(PROBLEM DETAILS):
Skip all pictures. Set down only the lines starting at the line containing "Танцы в парке смотреть онлайн" and running to the end of the listing.

(DATA BELOW):
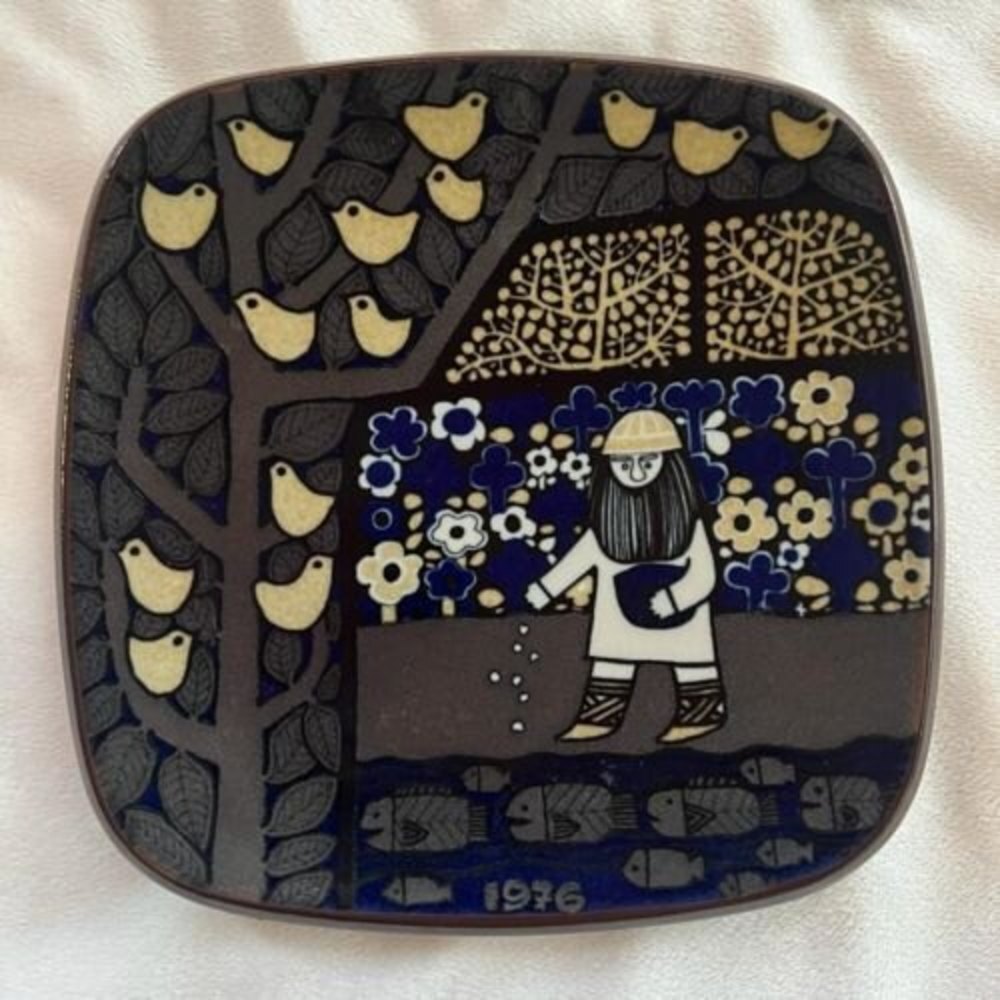 🔥 LOW START 🔥1976 Vintage Arabia Finland Kalevala Annual Raija Uosikkinen Plat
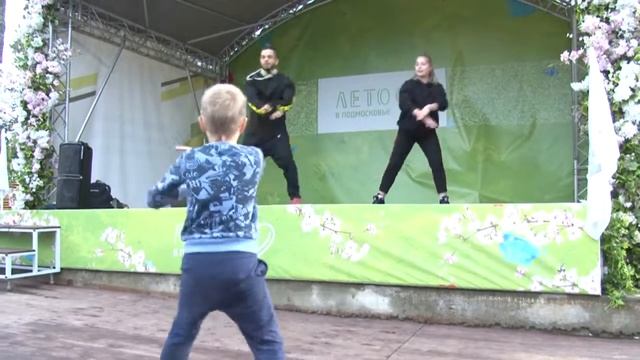 Танцы в парке смотреть онлайн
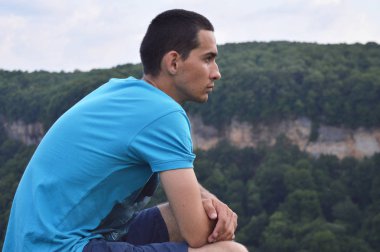 Adam uzaklara bakıyor.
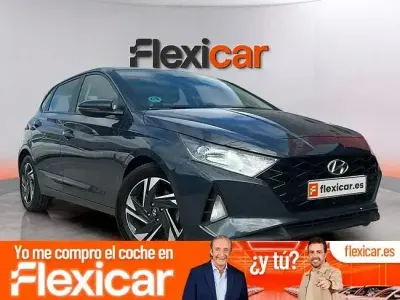 Usado Hyundai i20 100 CV (73 kW) 2021 Gris Utilitario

(TASK RESPONSE):
 Танцы в парке смотреть онлайн
 Adam uzaklara bakıyor.
 Usado Hyundai i20 100 CV (73 kW) 2021 Gris Utilitario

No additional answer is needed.